Activity
The answer should be every line below, repeated exactly, with the images left out.
──────── Data provided
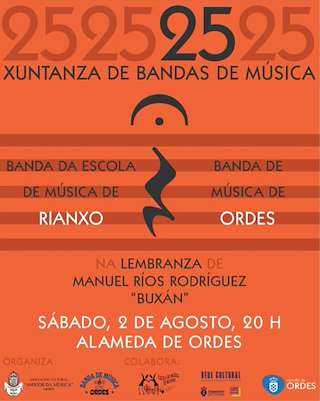 Fechas, información, programa, cartel, imágenes, mapa y ubicación de XXV Xuntanza de Bandas de Música  en  Ordes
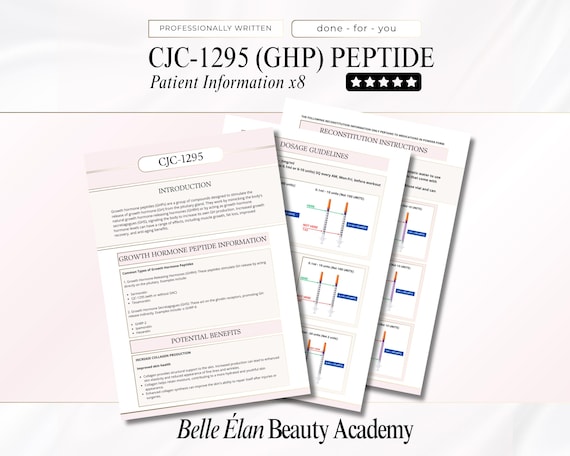 Editable CJC-1295 Peptide Guide: Medspa Patient Forms (canva Template  Digital Download) - Etsy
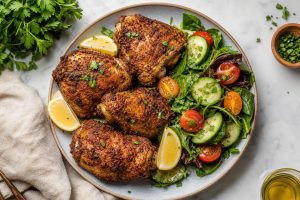 Crispy Fried Chicken Thighs: 38g Protein, High-Satiety Homemade Recipe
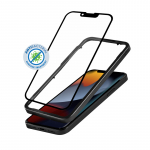 Crong Anti-Bacterial 3D Armor Glass 9H karastatud ekraanikaitseklaas seadmele iPhone 14 Plus / 13 Pro Max, paigaldusraamiga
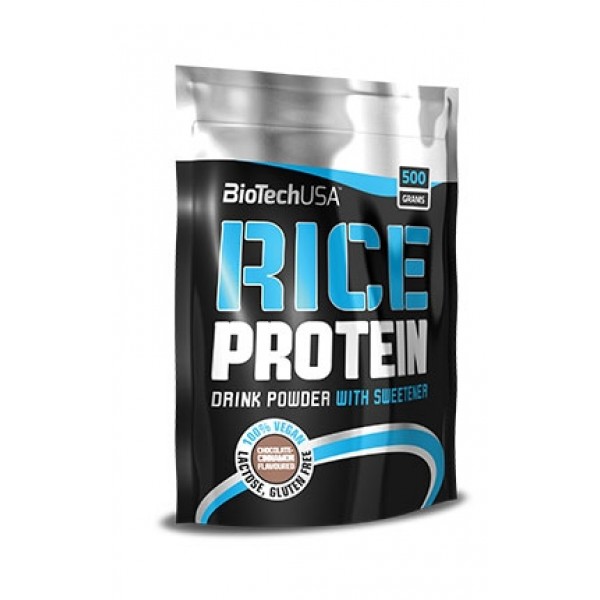 

Протеины BioTech Rice Protein - 500 грамм, шоколад-корица, Rice Protein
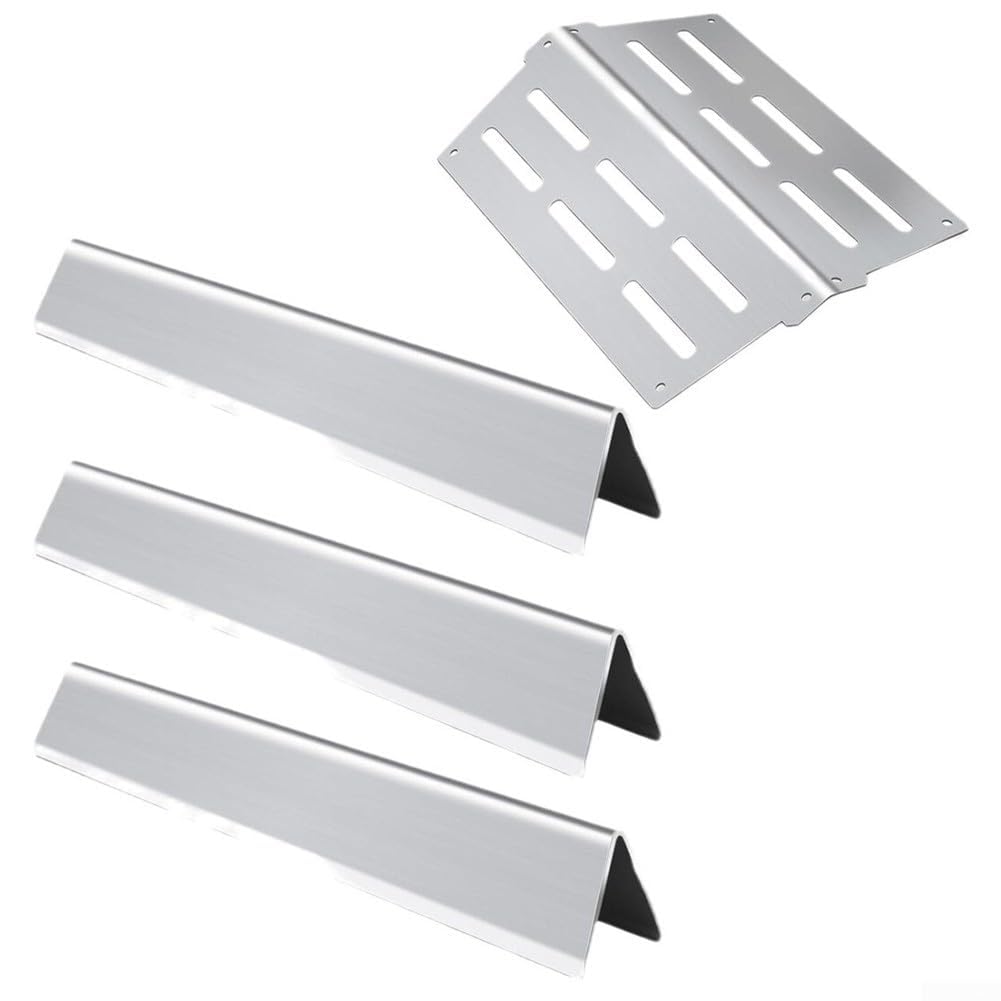 per weber per genesis serie 300 Parti di ricambio in acciaio inossidabile per barre aromatizzanti Scudi termici per griglie E-310 E-320 S-310 2011-2016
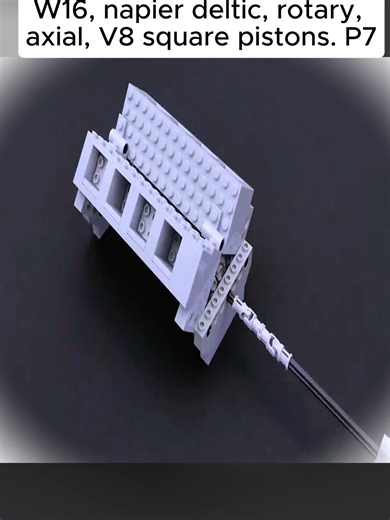 Build & Test Lego Engines: W16, napier deltic, rotary, axial, V8 square pistons #fyp #viral #trending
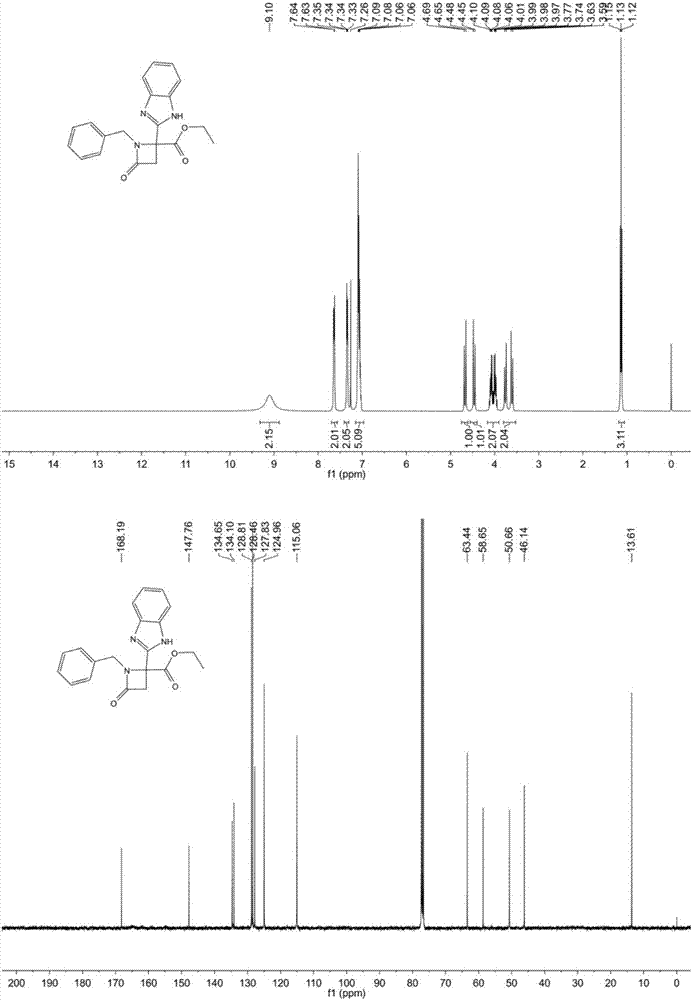 Preparation method of condensed benzimidazole azetidinone derivative and application of derivative in anti-tumor drug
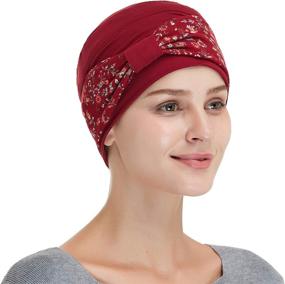 img 3 attached to Bamboo Cancer Patient Comfort Beanie: Double Layered Hat for Chemo Patients, Women's Chemo Hats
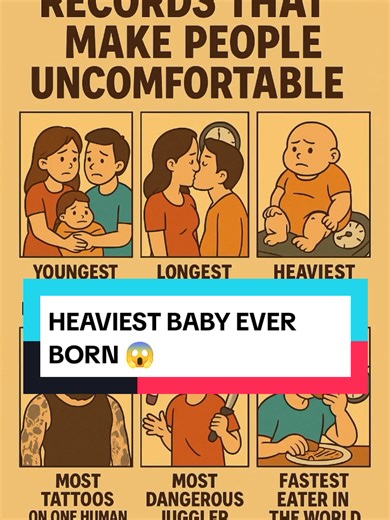 This baby holds the record for the heaviest baby ever born 😱 He weighed over 22 pounds (10 kg) at birth Doctors and nurses were completely shocked Can you imagine delivering a baby this big? #worldrecords #heaviestbaby #didyouknow #humanrecords #viral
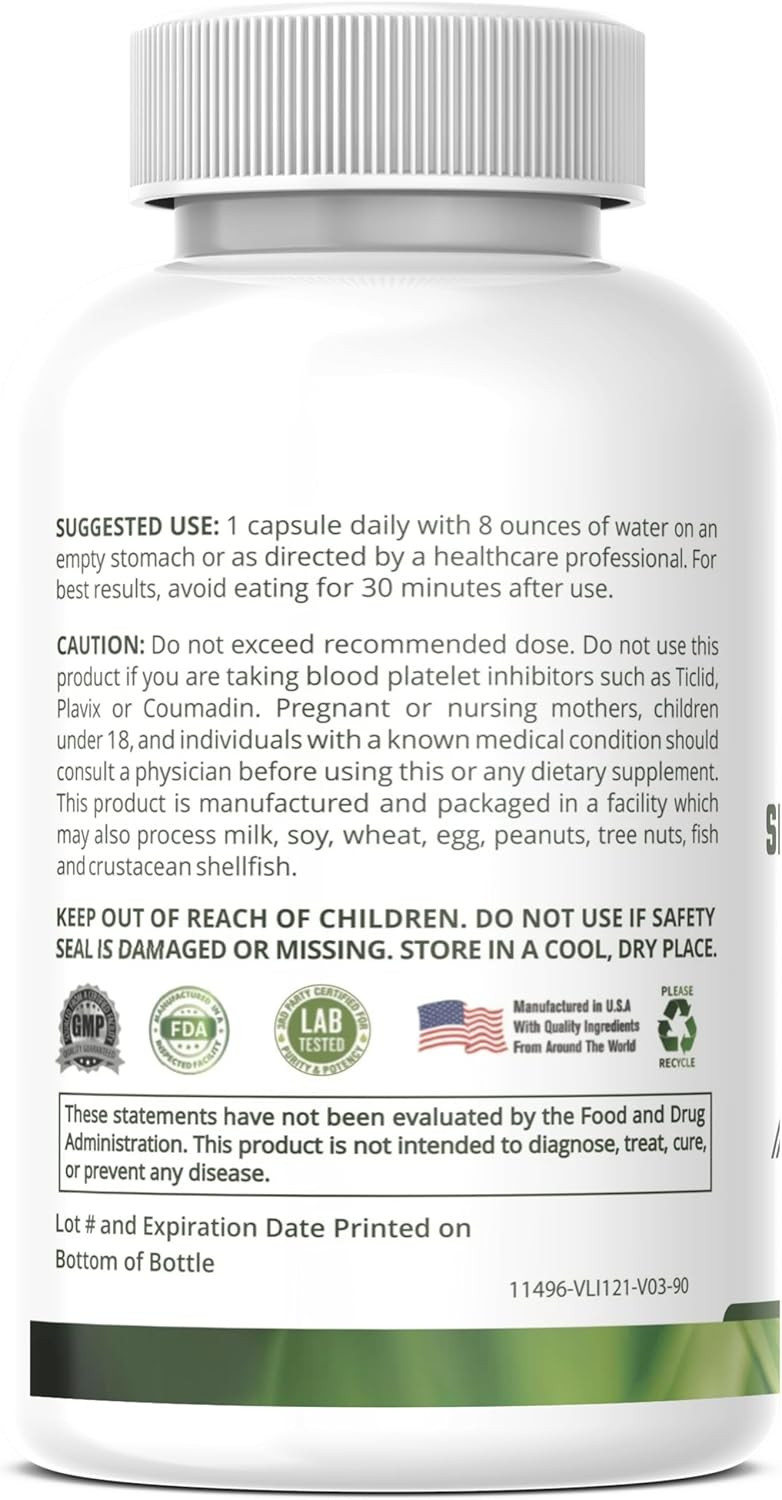 Serrapeptase Supplement - All-Natural, Non-Gmo, Gluten Free Serrapeptase 40000 Spu - Proteolytic Enzymes For Sinus, Respiratory And Joint Health, 100% Vegetarian - 90 Capsules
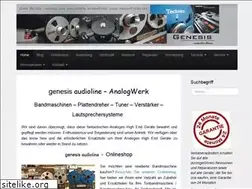 Sites similar to genesis-audioline.de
────────────────
Solution for this problem
 Fechas, información, programa, cartel, imágenes, mapa y ubicación de XXV Xuntanza de Bandas de Música  en  Ordes
 Editable CJC-1295 Peptide Guide: Medspa Patient Forms (canva Template  Digital Download) - Etsy
 Crispy Fried Chicken Thighs: 38g Protein, High-Satiety Homemade Recipe
 Crong Anti-Bacterial 3D Armor Glass 9H karastatud ekraanikaitseklaas seadmele iPhone 14 Plus / 13 Pro Max, paigaldusraamiga

Протеины BioTech Rice Protein - 500 грамм, шоколад-корица, Rice Protein
 per weber per genesis serie 300 Parti di ricambio in acciaio inossidabile per barre aromatizzanti Scudi termici per griglie E-310 E-320 S-310 2011-2016
 Build & Test Lego Engines: W16, napier deltic, rotary, axial, V8 square pistons #fyp #viral #trending
 Preparation method of condensed benzimidazole azetidinone derivative and application of derivative in anti-tumor drug
 img 3 attached to Bamboo Cancer Patient Comfort Beanie: Double Layered Hat for Chemo Patients, Women's Chemo Hats
 This baby holds the record for the heaviest baby ever born 😱 He weighed over 22 pounds (10 kg) at birth Doctors and nurses were completely shocked Can you imagine delivering a baby this big? #worldrecords #heaviestbaby #didyouknow #humanrecords #viral
 Serrapeptase Supplement - All-Natural, Non-Gmo, Gluten Free Serrapeptase 40000 Spu - Proteolytic Enzymes For Sinus, Respiratory And Joint Health, 100% Vegetarian - 90 Capsules
 Sites similar to genesis-audioline.de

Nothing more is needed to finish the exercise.